In the clips, Ponsetto asked the hotel’s manager for help, while Harrold was visibly in shock. The manager asked Harrold Jr. to surrender his phone. The video concludes with Harrold and his son trying to leave the hotel when the woman tackled the teenager. The hotel later told Harrold the woman’s phone had been found.
After two separate investigations by the New York Police Department and the Manhattan district attorney's office, she was charged with attempted assault, attempted robbery, grand larceny and acting in a manner injurious to a child.
In March, the Harrold family announced they had filed a civil lawsuit against Ponsetto and the Arlo Hotel.
Harrold’s no stranger to JSL, Bradford said. He recalls seeing him perform there as a teenager, when it carried the name Jazz at the Bistro.
“He would take the initiative to check out other artists and introduce himself after their performance,” Dobbs said.
“He not only had talent, but he also had some swagger, and I think that’s one of the things that’s helped him get to where he is today.”
Harrold is now working at a place he spent much of his youth learning and honing his craft full-circle. He compares it to coming home from college and introducing your school friends to your family.
“It really is a full circle dream where I get a chance to come home and really add to the beauty of St. Louis,” Harrold said.

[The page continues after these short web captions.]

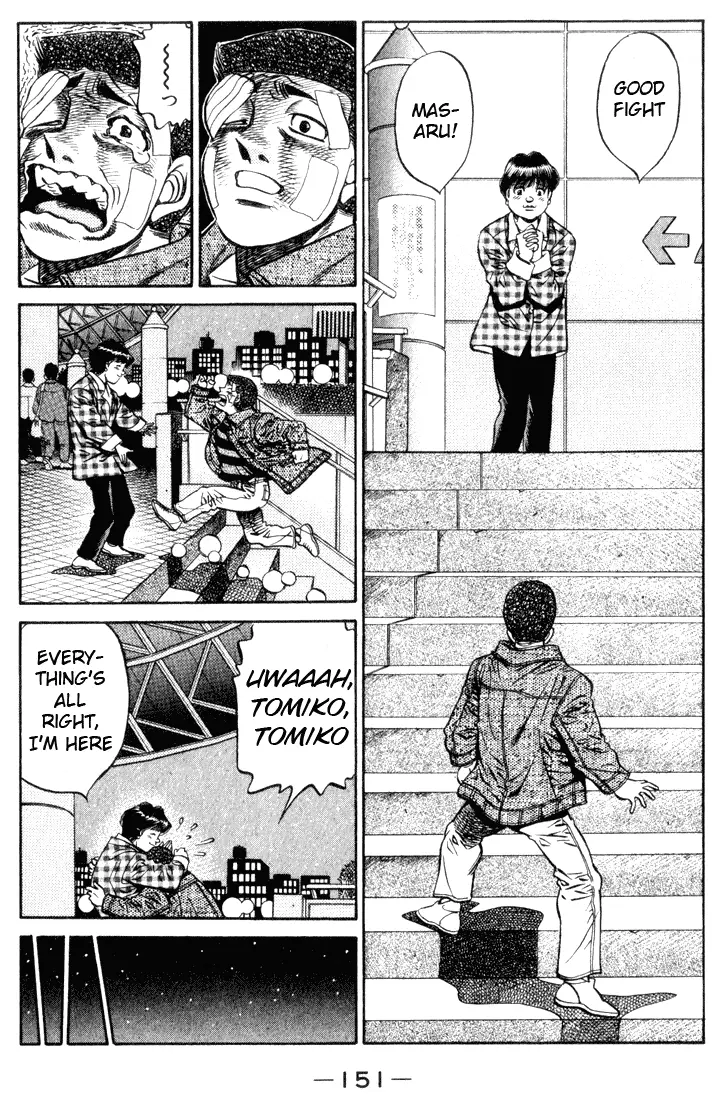 Read Hajime No Ippo - Chapter 460 - www.hajimenoippomanga.org | Image 15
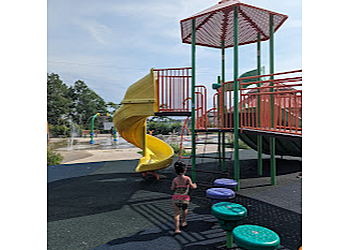 Moncton public park Fairview Knoll Park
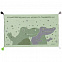 Плед «Крокодилобегемоты» с логотипом  заказать по выгодной цене в кибермаркете AvroraStore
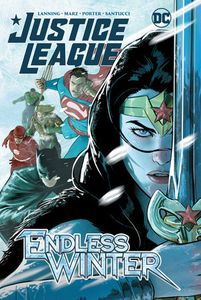 [Justice League: Endless Winter (Hardcover) (Product Image)]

Musically, I get an opportunity to bring amazing acts, artists, amazing ideas and vibes to St. Louis. I’m looking forward to that.”
Harrold graduated from the School of Jazz at The New School in New York City. His first major job was working with Common, and he’s since performed with JAY-Z, Maxwell, D’Angelo, Rihanna, Eminem, Snoop Dogg and Beyoncé.
He’s appeared on dozens of albums and film projects and received acclaim for his trumpet performances in Don Cheadle’s Miles Davis biopic Miles Ahead. His solo album, “Introducing Keyon Harrold” was released in 2009, and he cut The Mugician in 2017.